Ich lasse das jetzt noch ein bißchen auf mich wirken und mache mich dann an die "Kriegsenkel". Allerdings wehrt sich in mir alles dagegen, meine Eltern an den Pranger zu stellen. Ich sage ihnen, was mir weh tut und weh getan hat (soweit ich es noch weiß), aber ich plädiere immer für einen Dialog. Ich möchte auch klare Worte meine Kinder an mich gerichtet hören (gerne auch unbequeme Wahrheiten), ich benötige diese sogar, weil ich ja sonst uU gar nicht weiß, ws falsch gelaufen ist, aber ich möchte nicht auf die Anklagebank für Dinge, die ich "falsch" gemacht habe, obwohl ich sie doch nach bestem Wissen und Gewissen so gemacht habe und es einfach nicht besser hinbekam.

Viele Grüße

Tanita
 
Ich lasse das jetzt noch ein bißchen auf mich wirken und mache mich dann an die "Kriegsenkel". Allerdings wehrt sich in mir alles dagegen, meine Eltern an den Pranger zu stellen. Ich sage ihnen, was mir weh tut und weh getan hat (soweit ich es noch weiß), aber ich plädiere immer für einen Dialog. Ich möchte auch klare Worte meine Kinder an mich gerichtet hören (gerne auch unbequeme Wahrheiten), ich benötige diese sogar, weil ich ja sonst uU gar nicht weiß, ws falsch gelaufen ist, aber ich möchte nicht auf die Anklagebank für Dinge, die ich "falsch" gemacht habe, obwohl ich sie doch nach bestem Wissen und Gewissen so gemacht habe und es einfach nicht besser hinbekam.

Viele Grüße

Tanita
Hey Tanita

Ein Schritt weiter könnte sein:
Was macht es an den Pranger gestellt zu werden, für seine Fehler. Was machts etwas Falsch gemacht zu haben.
Ist halt so.

Wenn es als 'an den Pragner stellen' rauskommt (aus dem Kind/aus dir) - dann kann man es ja nur so rauslassen (sonst hat man ja schon wieder was verbogen).

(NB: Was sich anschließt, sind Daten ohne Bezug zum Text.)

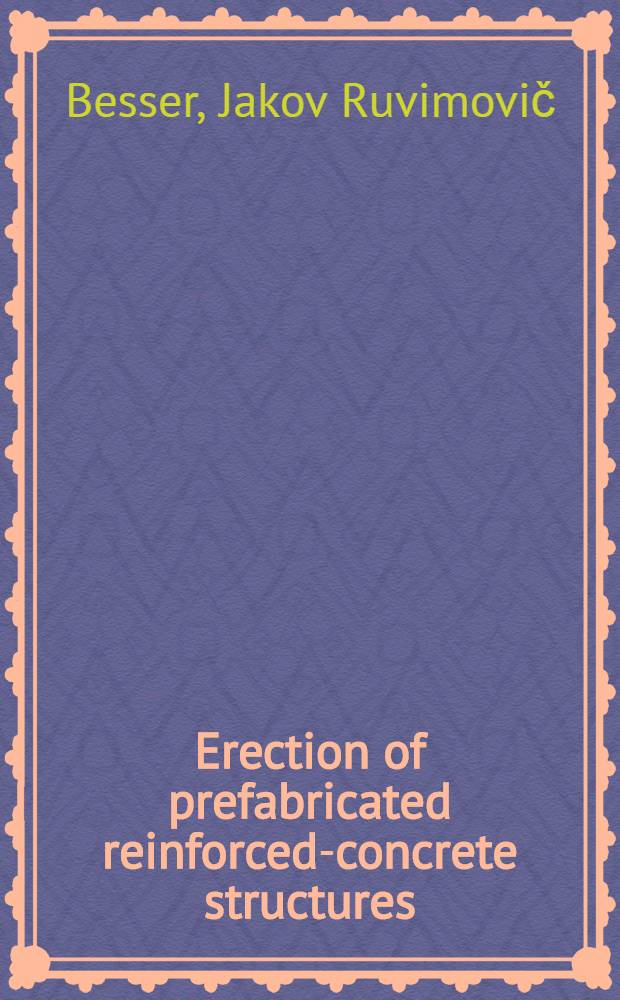 Erection of prefabricated reinforced-concrete structures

Natürlich ist es verständlich 'nicht die Eltern an den Pragner stellen zu wollen - Weil man ja selbst auch nicht an den Pranger gestellt werden will (und hofft: wenn ich es nicht tu, wirds auch wer anderer/meine Kinder nicht tun).
Aber genau Das ist ja das was tabuisierung ausmacht. Es ist ein Geschäft.
>>Irgendwer muss also anfangen mutig genug zu sein - - ehrlich sein, Scheinwerfer drauf auf Teufel komm raus.

(Kann eh nur der Teufel kommen, im schlimmsten Fall; und der ist ja eh schon da. Nicht wahr.)
 
Ein Schritt weiter könnte sein:
Was macht es an den Pranger gestellt zu werden, für seine Fehler. Was machts etwas Falsch gemacht zu haben.
Ist halt so.

Wenn es als 'an den Pragner stellen' rauskommt (aus dem Kind/aus dir) - dann kann man es ja nur so rauslassen (sonst hat man ja schon wieder was verbogen).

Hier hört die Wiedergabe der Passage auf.